The CMPA’s YMCA decision comes after weeks of debate over the proposed project, which has substantial financial support from the community, most notably from Blue Wahoos owner Quint Studer. Last week, the Pensacola City Council—after much discussion—approved the Y’s proposed lease, in concept, and left the details to the CMPA.
Yesterday’s decision also follows a debate over process. Throughout city council discussions, questions were raised over how the YMCA lease came to be. Some members maintained that the lease should have first traversed the CMPA board before being brought before council.
Merrill told his board last night that he thought the CMPA’s role was to make property in the park available, and that the city council was charged with approving or disapproving a proposed lease. Others have maintained that the CMPA is to negotiate leases prior to council weighing in.
“I was hoping you had to usurp this board, personally,” Merrill said at the opening of yesterday’s meeting. “But, we are where we are right now.”
The YMCA team began private discussions in December with Merrill and Mayor Ashton Hayward. They then worked through several lease drafts with City Attorney Jim Messer before bringing the matter to the city council.
Some council members took issue with the private meetings and redirected the issue to the CMPA board. Prior to sending the lease to the CMPA, council approved the proposal “in concept,” and requested that the park board work out the lease details.
YMCA representatives have maintained that they were following the path suggested by city officials. On that front, YMCA Board President Steve Williams opened the CMPA meeting with an apology.
“I ask for your forgiveness for any missteps we have taken and I offer you our sincerest apology,” he told the CMPA board.
Prior to discussing the YMCA prospects, Merrill cautioned his board. He reminded them that city council had already approved the lease, in concept.
“Anybody can ask any questions they want to ask and we can talk about whatever we want to talk about,” the chairman said, “but let’s keep in mind what we’ve been tasked to by the city.”

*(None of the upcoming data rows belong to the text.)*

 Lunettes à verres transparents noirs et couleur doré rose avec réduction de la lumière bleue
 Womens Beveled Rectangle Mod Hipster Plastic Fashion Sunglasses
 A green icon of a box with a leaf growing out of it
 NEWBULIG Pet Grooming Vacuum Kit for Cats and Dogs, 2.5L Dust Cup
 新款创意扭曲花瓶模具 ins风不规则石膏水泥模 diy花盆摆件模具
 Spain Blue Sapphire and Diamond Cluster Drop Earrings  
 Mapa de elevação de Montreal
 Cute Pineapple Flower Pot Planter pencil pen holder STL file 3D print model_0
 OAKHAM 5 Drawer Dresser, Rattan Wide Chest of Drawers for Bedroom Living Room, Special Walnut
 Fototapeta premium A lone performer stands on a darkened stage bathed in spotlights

After Gunther made his motion, Merrill again stressed the city directive. He read from the city council’s motion, which requested the CMPA to tend to lease details.
“As chairman, this is what I’ve been sent, this is what I’ve got,” Merrill said.
Gunther argued that his motion—offering up parcels 5 and 6, instead of 8—was within the bounds of council’s directive, and also contended that the CMPA board was not beholden to the council. He said he made his motion to reflect concerns raised by the CMPA’s Audit and Operations Committee, of which he is a member.
“My particular reason is that the parcel was bigger than they needed and they didn’t need the prime piece of waterfront property,” Gunther said, also requesting that parking concerns, as well as other issues, be addressed in any lease negotiations.
Following the 6-4 vote, there was some confusion about the chances of parcel 8 being placed back on the table during lease negotiations. It is unclear if the YMCA is interested in pursuing the project at the park if the waterfront parcel is not on the table.
“Yes, we’ll negotiate any of’em—5, 6, 7—but not if 8’s not in the mix, too,” said Daniel. “We’re happy to negotiate, but you can’t cherry pick and choose what you want to negotiate about.”